“Houston, Tranquility base here. The Eagle has landed.”
The other day, watching the 2015 movie The Martian, I remembered my visit to one of the most original museums in Spain., where a plaque with that quote is right out front. It’s unlikely you’ve ever heard of Fresnedillas de la Oliva, an hour’s drive west of downtown Madrid, but this town of barely 2,000 harbours a very well-kept secret you’d never expect: the Museo Lunar.
To put the Space Interpretation Center of Fresnedillas de la Oliva in context, we have to go back to the 1950s. At that time, the main world powers were in the midst of a frantic space race. Aiming to be the first to send a man to the moon, U.S. president John F. Kennedy created the Manned Space Flight Network (MSFN), basically three large stations with giant antennas that would maintain communication with the astronauts during their space missions. The first was placed in Goldstone, California, the second in Honeysuckle Creek, Australia, and the third… take a wild guess.
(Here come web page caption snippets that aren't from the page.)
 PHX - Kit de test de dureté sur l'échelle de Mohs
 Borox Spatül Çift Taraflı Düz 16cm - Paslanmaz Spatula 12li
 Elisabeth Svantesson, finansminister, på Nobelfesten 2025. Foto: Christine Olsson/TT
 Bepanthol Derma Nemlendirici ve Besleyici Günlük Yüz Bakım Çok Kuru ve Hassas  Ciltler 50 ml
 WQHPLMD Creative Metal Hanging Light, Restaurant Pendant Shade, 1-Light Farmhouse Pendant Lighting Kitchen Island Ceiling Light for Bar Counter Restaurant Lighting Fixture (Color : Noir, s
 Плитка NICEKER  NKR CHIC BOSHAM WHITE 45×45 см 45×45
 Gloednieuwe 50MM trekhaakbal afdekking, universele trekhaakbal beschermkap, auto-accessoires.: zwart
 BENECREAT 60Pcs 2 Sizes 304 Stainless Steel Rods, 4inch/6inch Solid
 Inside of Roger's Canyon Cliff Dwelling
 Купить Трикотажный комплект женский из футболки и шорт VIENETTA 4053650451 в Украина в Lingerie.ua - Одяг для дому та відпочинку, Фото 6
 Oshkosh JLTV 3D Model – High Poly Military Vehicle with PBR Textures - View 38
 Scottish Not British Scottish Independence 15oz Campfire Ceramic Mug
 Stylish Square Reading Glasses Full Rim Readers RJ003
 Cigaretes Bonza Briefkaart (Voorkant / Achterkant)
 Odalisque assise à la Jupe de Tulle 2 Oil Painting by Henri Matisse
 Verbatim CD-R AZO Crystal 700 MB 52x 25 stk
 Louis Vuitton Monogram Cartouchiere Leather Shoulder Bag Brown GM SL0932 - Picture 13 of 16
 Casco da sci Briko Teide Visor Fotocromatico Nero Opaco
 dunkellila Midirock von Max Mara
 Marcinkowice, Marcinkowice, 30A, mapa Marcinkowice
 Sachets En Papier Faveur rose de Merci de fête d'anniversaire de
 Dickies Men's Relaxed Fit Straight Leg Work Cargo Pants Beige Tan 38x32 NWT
Yep, Fresnedillas de la Oliva.
The museum is home to an extraordinary collection of photographs, documents and various artifacts used in the different lunar and other space missions: everything from the space suits of Pedro Duque, the first Spanish astronaut (and newly appointed national Minister of Science) to lunar maps, tools, watches, an Apollo A7L helmet, an Apollo flight suit, and even a Russian MIR suit. The list goes on, covering more than 300 out-of-this-world items that delight both astronomy and sci-fi buffs, space dreamers, seekers of unusual experiences both young and old (it’s an especially great activity for the kids).
While you’re out here in Fresnedillas, have a spin its historic centre, which features some lovely 16th-century architecture, including the iconic Church of San Bartolomé, the town’s patron saint (in whose honour festivities are held each 24 August). A number of buildings are made of locally mined granite – which was also used in the foundations of major Madrid landmarks such as the Oriente Palace, the basilica of San Francisco el Grande, and the Palacio de Comunicaciones. And some of the façades, doors, and windows are colourfully painted by artist Elena Parlange as part of a cultural project called Living Houses.
Furthermore, depending on how you drive to/from Fresnedillas, you’ll likely the route you choose, you’ll cross the Guadarrama River and its surroundings, a natural reserve of the loveliest sort. It’s a great place for a quiet hike, bike ride, and/or picnic.
Excellent and very enjoyable guided tours of the Lunar Museum are available, and the center is open on Saturdays, Sundays and holidays from 11 a.m. to 2:30 p.m. General admission is 3 euros, 2 euros for children and free for pensioners and children under 5 years.